S'agissant des transports publics dans le contexte du Brexit, la France pousse plusieurs initiatives. Les 37 % du plan de relance européen consacrés au climat financeront des initiatives nationales, telles que le report modal, le développement des transports propres ou les mobilités douces. En pratique, ces initiatives sont une condition de validation du financement des plans de relance par le budget de l'Union européenne. Certains appels d'offres pour les transports publics non polluants, tels que les tramways en site propre, sont financés par l'Europe, indépendamment du plan de relance.
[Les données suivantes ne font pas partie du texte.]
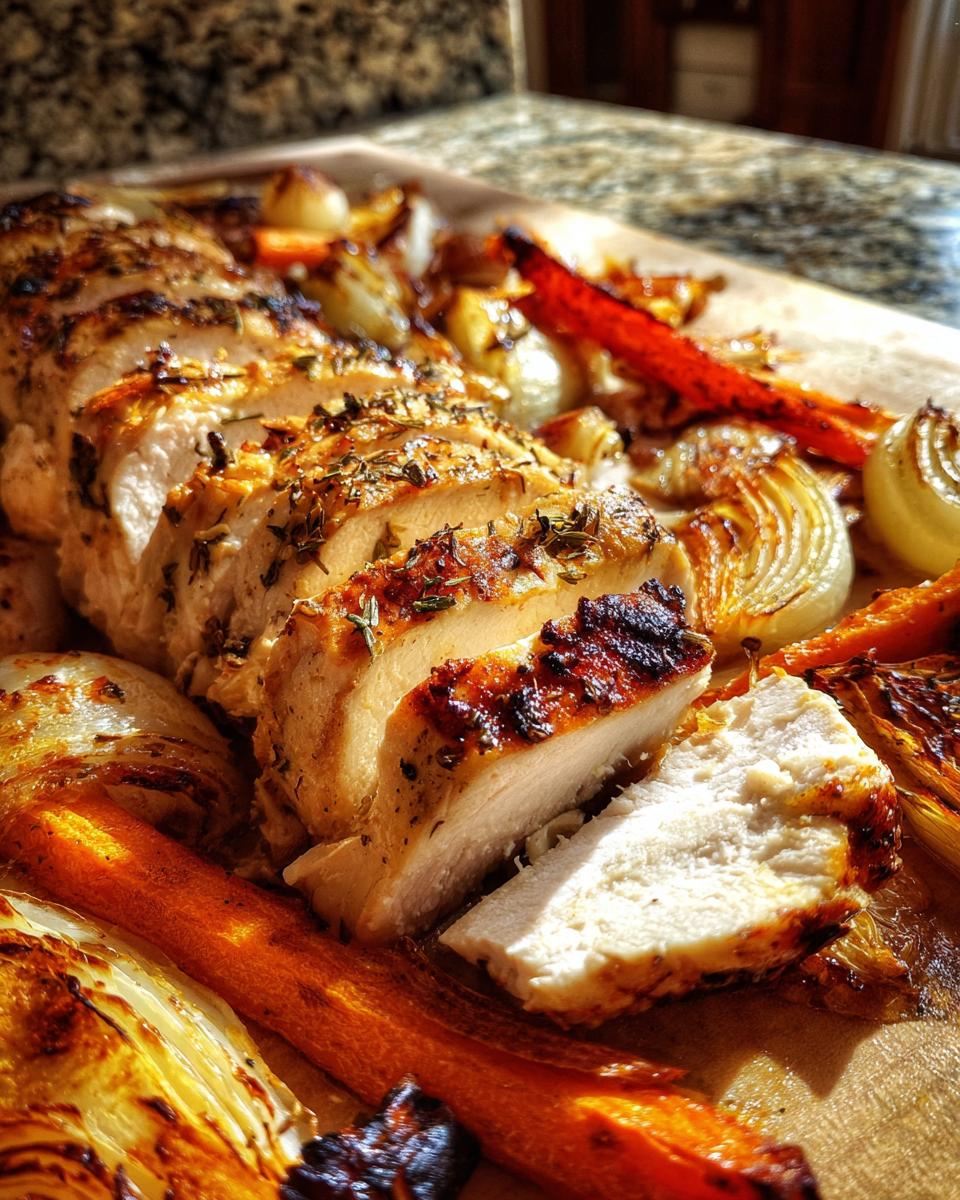 Amazing Roasted Chicken Fennel Carrots Time 7 Roasted Chicken Fennel Carrots - detail 3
Leur montant sera renforcé dans le cadre budgétaire 2021-2027 et ils permettront une accélération du report modal.

Avec la loi relative à la lutte contre le gaspillage et à l'économie circulaire qui a été défendue par Mme Brune Poirson, nous avons été exemplaires en matière de réduction des usages des plastiques et d'interdiction progressive de produits. La Commission européenne a repris certains objectifs de cette loi et le Green Deal prévoit, en 2025 puis en 2030, une réduction de l'usage des plastiques. Des propositions législatives européennes seront présentées dès ce premier semestre, fixant des objectifs européens pour 2025, puis renforcées sous la présidence française au premier semestre 2022.
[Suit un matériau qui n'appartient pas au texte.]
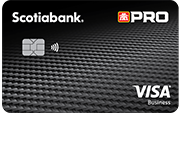 Scotia Home Hardware Pro Visa Business Card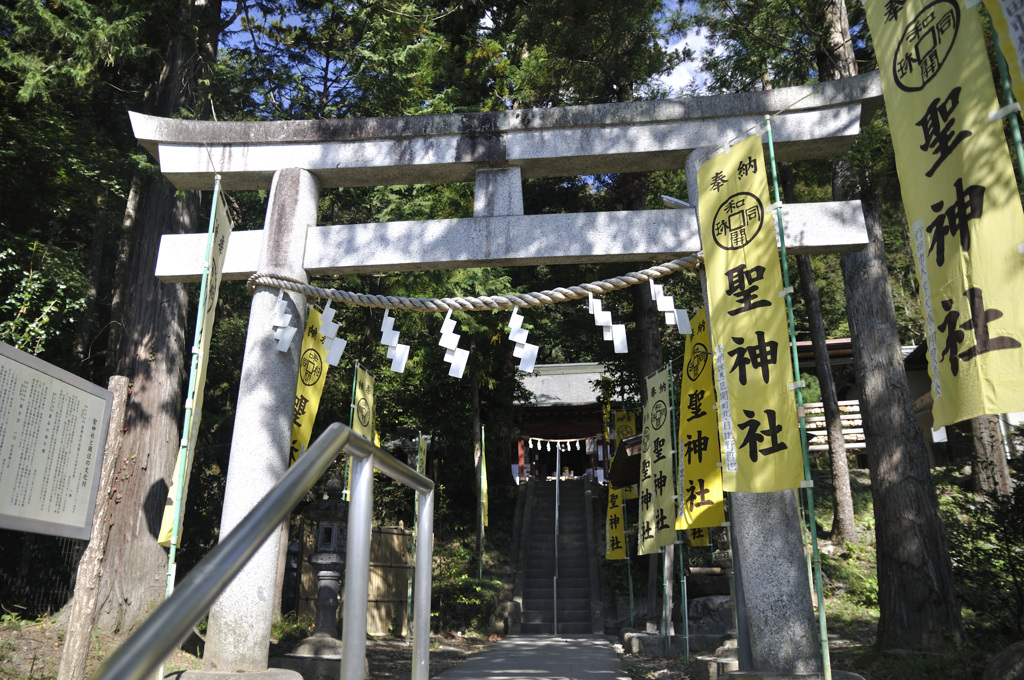 秩父・聖神社 1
Concernant l'hydrogène, nous consolidons notre effort d'investissement au niveau national grâce au plan de relance présenté début septembre par le Premier ministre et à la stratégie présentée deux semaines plus tard par Mme Barbara Pompili et M. Bruno Le Maire. Le plan de relance national prévoit de consacrer 2 milliards d'euros de crédits supplémentaires au plan hydrogène. À la demande du Président de la République, nous avons aussi commencé au mois d'août une coordination des plans allemands et français sur l'hydrogène. Les Allemands ont un plan de relance post-covid financièrement plus ambitieux que le nôtre. Nous devons mettre en commun une partie de ces crédits dans des appels d'offres conjoints, afin d'éviter de définir des standards différents et de placer des acteurs en concurrence. Nous pourrons ainsi proposer une offre européenne et franco-allemande à l'international sur l'hydrogène. Au premier trimestre, un plan franco-allemand sur ce sujet sera présenté par M. Bruno Le Maire et son homologue allemand, M. Peter Altmaier.

J'en viens aux sanctions et aux incitations pour le respect des objectifs en matière de réduction d'émissions et de neutralité carbone. Le bénéfice du Fonds de transition juste est soumis au respect de l'objectif de neutralité carbone en 2050. À chaque versement supplémentaire, la Commission européenne vérifiera que chaque pays, par exemple la Pologne, a souscrit à l'objectif 2050 de neutralité carbone et a réalisé les actions jugées suffisantes. La moitié de l'enveloppe du Fonds de transition juste est conditionnée à l'acceptation de cet objectif. C'est une garantie que les fonds européens seront utilisés pour une réduction des émissions.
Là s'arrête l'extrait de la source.